Virginia Tech has established itself as the powerhouse of the new-look ACC. It has won three of the last five ACC championship games and has finished in the Top 20 of the Associated Press poll eight of the last 10 seasons.
More importantly, it would bring the coveted Washington, D.C. television market into the SEC footprint. Expansion is all about television revenue, and adding the *No. 8 television market* in the country to the SEC's growing list of cities would undoubtedly add to the bottom line. It may be a four-hour drive to Blacksburg, but the Hokies have a big following in the D.C./Northern Virginia area.
I know, I know; it took a lot of political wrangling in the state of Virginia to get Virginia Tech into the ACC to begin with. But if the Big 12 takes two, three or even four ACC teams, the ACC could start crumbling even with the additions of Pittsburgh and Syracuse.
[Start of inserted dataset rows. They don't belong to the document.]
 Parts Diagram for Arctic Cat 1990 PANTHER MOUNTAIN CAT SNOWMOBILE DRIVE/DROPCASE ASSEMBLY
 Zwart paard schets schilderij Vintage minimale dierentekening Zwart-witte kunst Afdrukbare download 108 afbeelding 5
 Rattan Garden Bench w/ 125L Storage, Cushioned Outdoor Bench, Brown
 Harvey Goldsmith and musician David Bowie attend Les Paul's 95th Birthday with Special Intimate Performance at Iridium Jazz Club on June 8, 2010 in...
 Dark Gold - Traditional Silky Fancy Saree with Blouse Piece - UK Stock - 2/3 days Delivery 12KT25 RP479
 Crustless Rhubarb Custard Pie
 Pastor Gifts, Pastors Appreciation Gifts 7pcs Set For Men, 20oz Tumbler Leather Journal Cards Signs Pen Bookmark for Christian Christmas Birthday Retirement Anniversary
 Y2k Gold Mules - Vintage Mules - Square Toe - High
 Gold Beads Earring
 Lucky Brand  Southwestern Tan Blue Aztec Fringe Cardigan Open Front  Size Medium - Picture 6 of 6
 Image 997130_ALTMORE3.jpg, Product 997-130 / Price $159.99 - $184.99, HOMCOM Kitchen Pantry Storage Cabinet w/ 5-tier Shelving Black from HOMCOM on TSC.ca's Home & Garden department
At that point, politics would take a back seat in favor of self-preservation.


----------



## mcrandle (May 22, 2012)

Well, one side is saying NC State and Virginia Tech are rumored in the mix......but the other side is saying Florida St., Clemson, or Georgia Tech. The SEC has claimed any further expansion would NOT include teams in a state where an SEC team already resides. So that could exclude the latter three. Plus, some are saying FSU is eyeing the Big 12, although that is heresay and the head of FSU wants to stay in the SEC.
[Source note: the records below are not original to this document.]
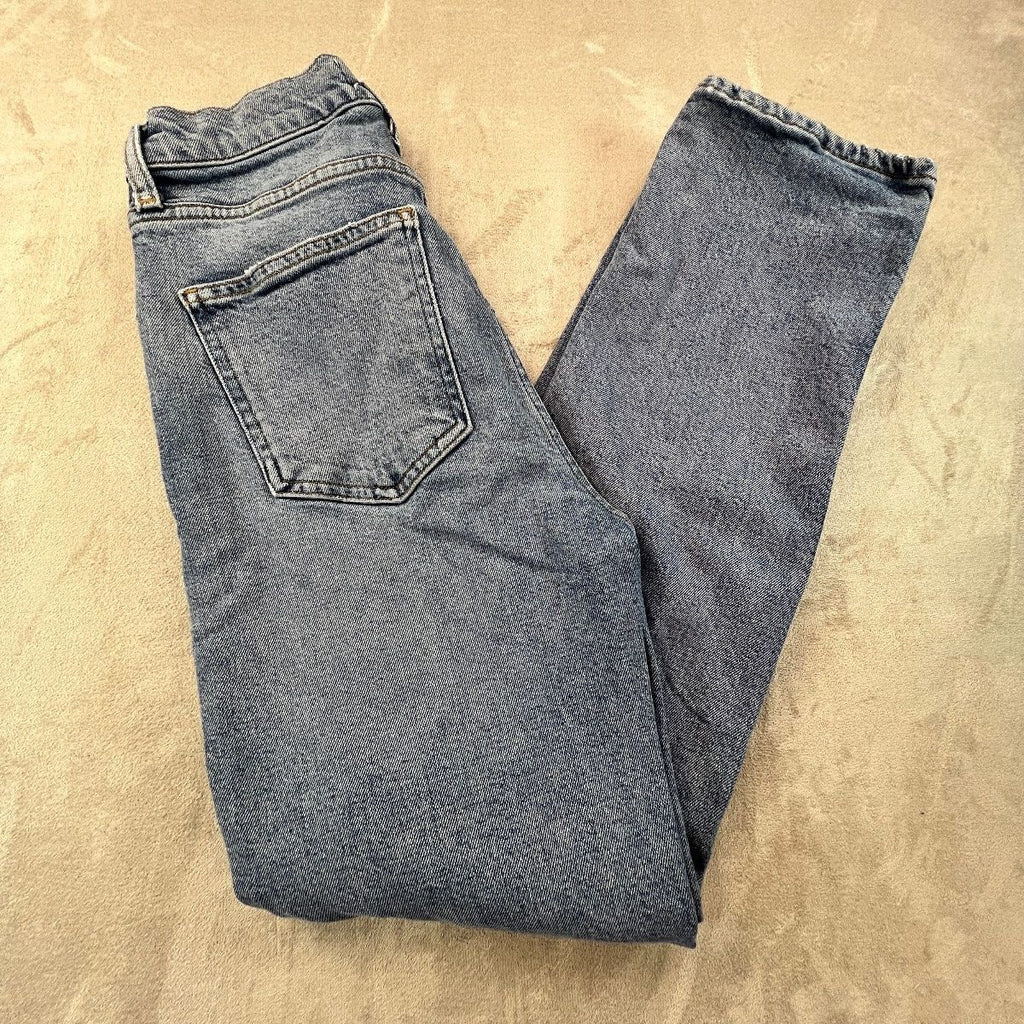 AGOLDE Wilder Jeans Womens 24 Mid Rise Straight Distressed Light Wash Organic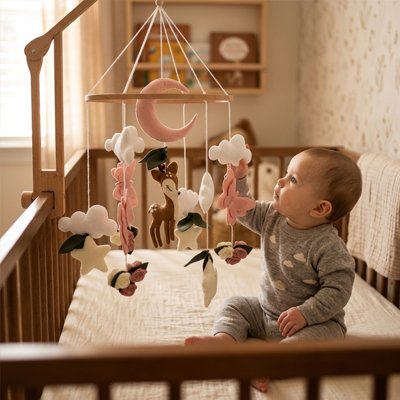 Bébé assit dans lit avec mobile bébé cerf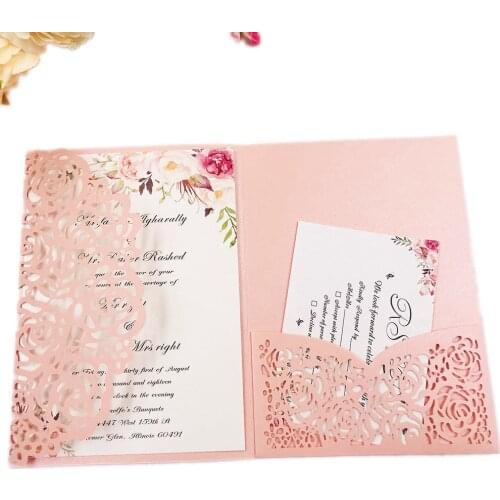 Free shipping 2pcs rose flower tri fold wedding invitation cards with envelope ,insert, RSVP 3 fold laser cut pocket fold cards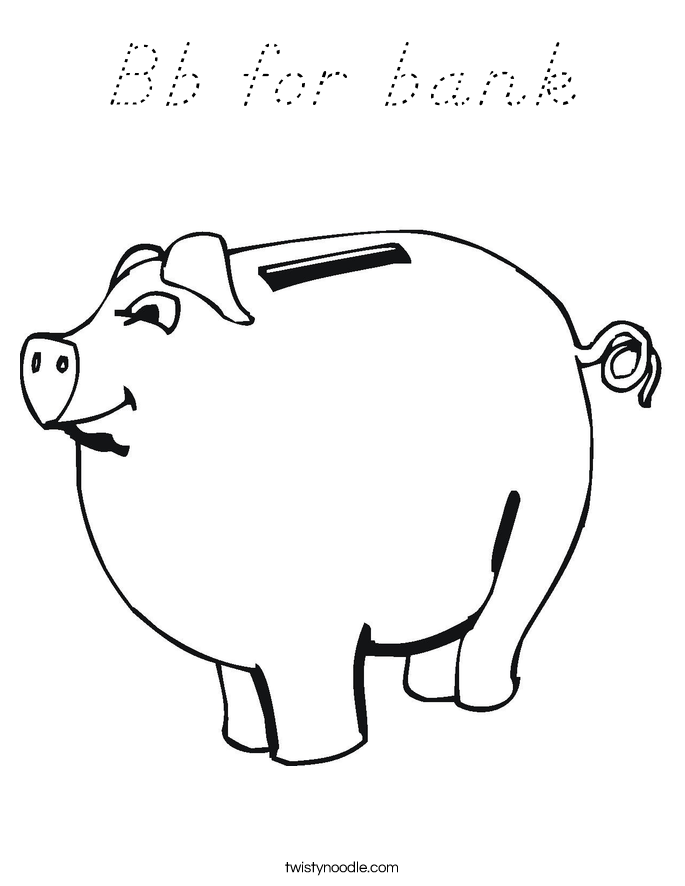 Bb for bank Coloring Page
So that leaves State (my team who I love) and the Hokies. I think, for basketball reasons, State would likely stay because of the tradition of ACC basketball and it's rivals, and for the namesake of "Tobacco Road."
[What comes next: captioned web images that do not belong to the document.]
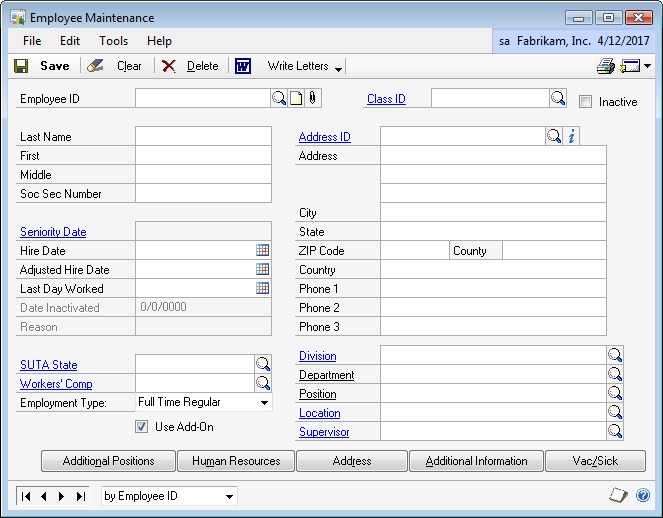Screenshot of an Employee Maintenance window, which shows the Use Add-On box is checked.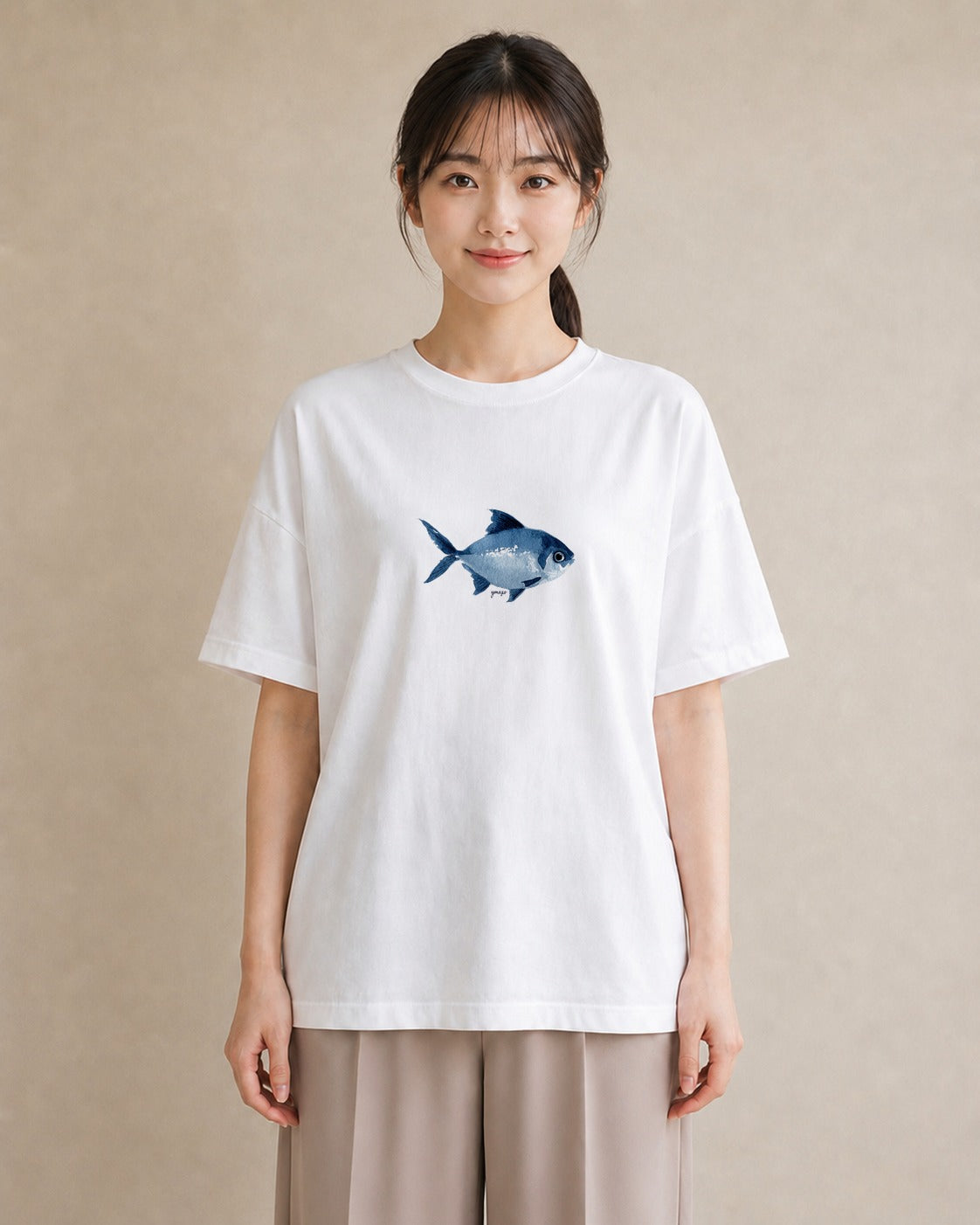 半袖Tシャツ レディース メダカ ペット 動物 イラスト 韓国風 ミセス 春コーデ 白T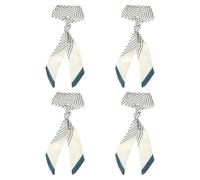 sourcing map 4Pcs Long Thin Head Scarf, Hair Scarves, Neck Scarf for Women Bag Handbag Purse (Light Blue)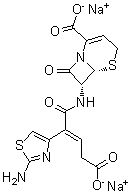 [6R-[6alpha,7beta(E)]]-7-[[2-(2-Amino-4-thiazolyl)-4-carboxy-1-oxo-2-butenyl]amino]-8-oxo-5-thia-1-azabicyclo[4.2.0]oct-2-ene-2-carboxylic acid disodium salt molecular structure (CAS 97547-76-7)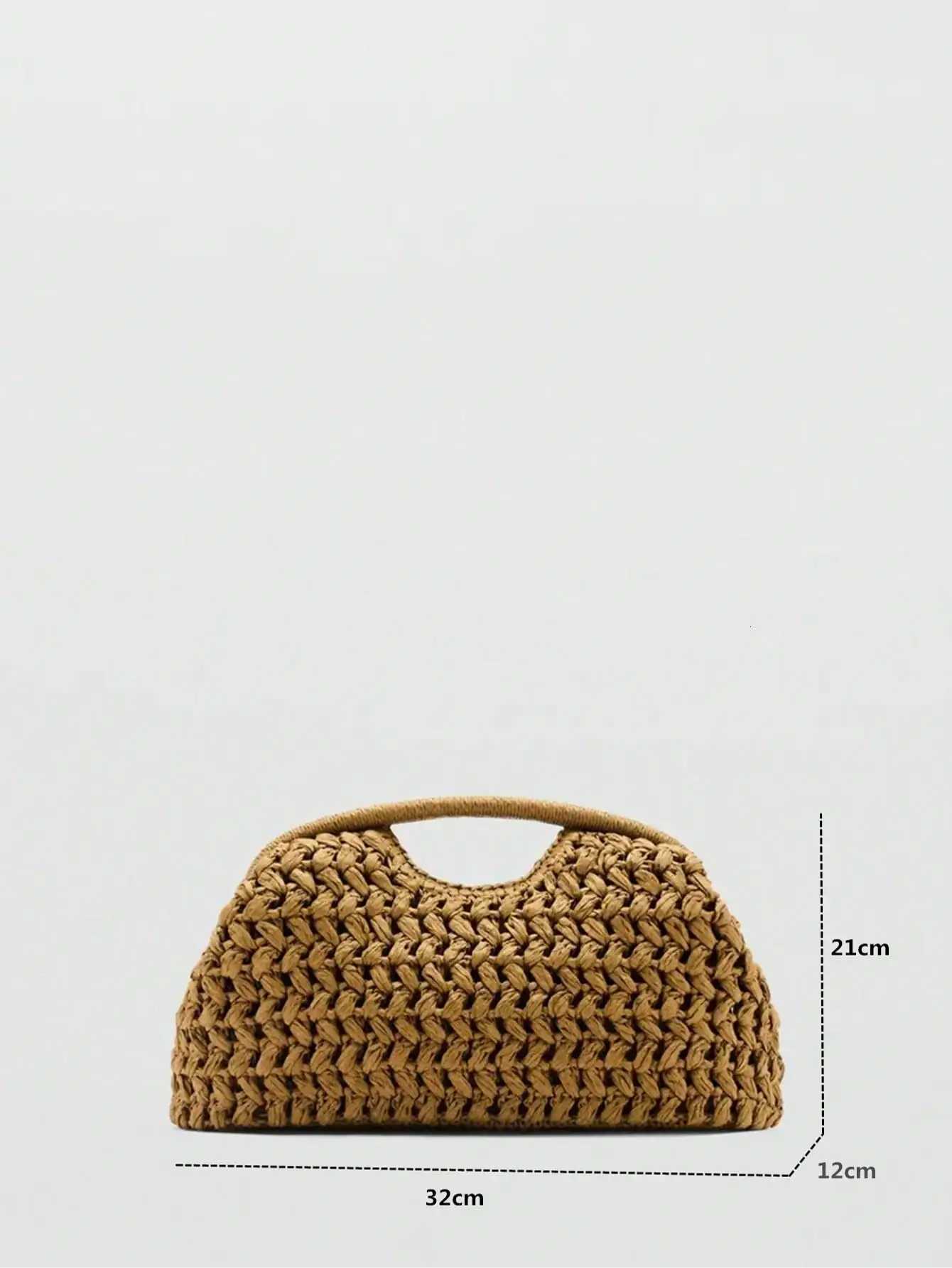Natural Fiber Clutch Bag brown Raffia handmade Knitted summer beach handbag 2025 new for women C260327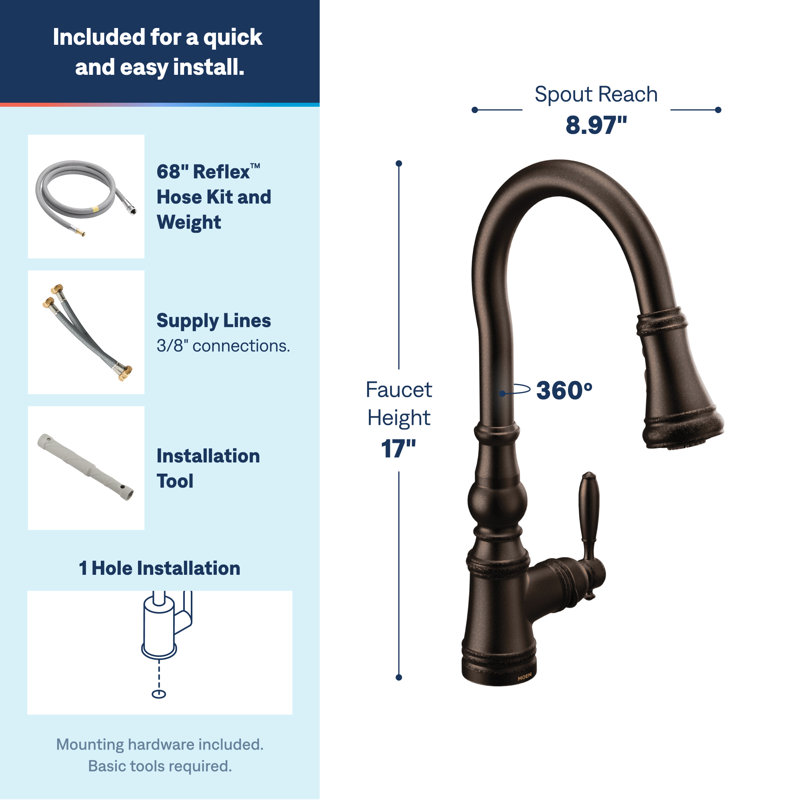 Moen Weymouth One-Handle Pull Down Single Handle Kitchen Faucet with Power Boost, Oil-Rubbed Bronze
Now with the 4-team playoff on it's way, schools are going to factor that in to their alignment decision. It is rumored that the playoff will invite conference champions, and the ACC will most likely NOT be in that mix, however, the SEC most definitely WILL. So, I see Virginia Tech as a front-runner to jump ship. Question is, who will be the last, and 16th team to enter the SEC? I still think NC State is a possibility, but until I hear another name, I don't know.


----------



## Garcia Vega (May 22, 2012)

FSU is going to Big 12 (good friend is die hard Nole),like 90% in works. VATech is jumping ship as long as Clemson bounces, basically Clemson holds the key. Would love to see Hokies leave I am die hard fan


----------